We, like many architectural practices, find ourselves facing a technology revolution in the form of BIM software.

What is Building Information Modelling?

BIM has been described as a process driven, integrated digital prototype of infrastructure, structures and building fabric, created in a virtual environment before it is built. A BIM model could be considered an assembled kit of parts, created and integrated into a single entity that can then be checked, verified, examined, quantified, chopped and diced then put back together, all in an effort to reduce errors and maintain design efficiency.

Our CAD and 3D software history

We have been proponents of 2D CAD for over 15 years. Over time, we developed procedures and protocols to match evolving software; but now we, like many architectural practices, find ourselves facing a technology revolution in the form of BIM software.

Our uptake of BIM software has been a slower, more transitional process than that for Autodesk's AutoCad product. However, we have been encouraged to continue our transition by the ability to critique designs in three dimensions. Witnessing industry trends and the role of BIM software, we have purchased Revit licences and developed our hardware infrastructure to cope with the demands of this new software.

We have used Revit primarily as a design tool; producing three dimensional visualisations for internal analysis, Client presentations and marketing materials, in both static images and video forms. More recently, with smaller scale projects, our office has developed documentation standard drawings suitable for Tender and construction purposes. As our skills improve and our Revit management develops we see a clear pathway to embracing a fully Revit environment.

Impacts of BIM on our practice

A BIM process has the capacity to significantly shift our workflow, how we introduce our Clients to concept designs of their building, how we integrate and coordinate our efforts with those of our consultants and, potentially, how we involve Contractors earlier in the design and documentation process. We have started to involve our regular team of consultants in conversations about BIM. We see that developing our existing relationships with our consultants towards an integrated model will take time and careful planning; however, it is time and energy that we are keen to invest.

What does BIM mean for our Clients?

For those involved in facilities management (the maintenance and care of institutional/commercial buildings) BIM models assist functionality by integrating people, places, processes and technology.

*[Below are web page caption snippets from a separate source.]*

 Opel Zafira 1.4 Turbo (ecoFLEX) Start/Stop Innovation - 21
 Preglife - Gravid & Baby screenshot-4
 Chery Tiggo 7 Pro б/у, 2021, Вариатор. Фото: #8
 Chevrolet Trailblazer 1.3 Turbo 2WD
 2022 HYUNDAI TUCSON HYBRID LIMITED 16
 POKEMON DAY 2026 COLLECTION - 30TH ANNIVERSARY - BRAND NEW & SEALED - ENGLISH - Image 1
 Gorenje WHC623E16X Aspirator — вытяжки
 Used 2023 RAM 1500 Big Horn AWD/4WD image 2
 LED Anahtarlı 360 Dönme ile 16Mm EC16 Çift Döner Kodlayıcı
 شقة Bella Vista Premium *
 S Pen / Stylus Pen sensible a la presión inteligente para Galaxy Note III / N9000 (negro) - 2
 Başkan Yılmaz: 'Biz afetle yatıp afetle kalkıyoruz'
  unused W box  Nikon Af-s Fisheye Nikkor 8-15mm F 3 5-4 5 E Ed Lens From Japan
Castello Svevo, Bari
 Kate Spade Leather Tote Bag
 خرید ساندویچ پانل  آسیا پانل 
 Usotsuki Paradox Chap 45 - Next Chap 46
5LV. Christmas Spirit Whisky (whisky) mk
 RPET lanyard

Central information sources, updated over the lifetime of a building and/or a campus of buildings can assist asset tracking, maintenance scheduling and tagging equipment redundancy.

But for our Clients who are not in need of an integrated project delivery approach to their building design, documentation and management, what is the value of this process?

Visualisation as a by-product of developing a Revit project may be all that is needed for some Clients. Others may choose to use models for quantity measurements and early cost estimation purposes.

Regardless of outcome, setting a BIM standard from the outset is critical for all involved. We see one of our roles in this process as assisting our Clients in determining the standard for their particular circumstance and need. For PGA as a practice, we see great benefit in Revit’s design analysis potential.

Challenges with BIM

We have found that adoption of BIM technology poses challenges in terms of change, not unlike those which we faced in the mid 1990’s with AutoCAD. We see that our industry (particularly in Western Australia) is finding its feet when it comes to a unified approach. However, with the recent work of the Australian Institue of Architects and Consult Australia amongst many other examples we feel that the emergence of this technology will be transformational for design practices; we at PGA are particularly excited to be a part of the transition that BIM promises.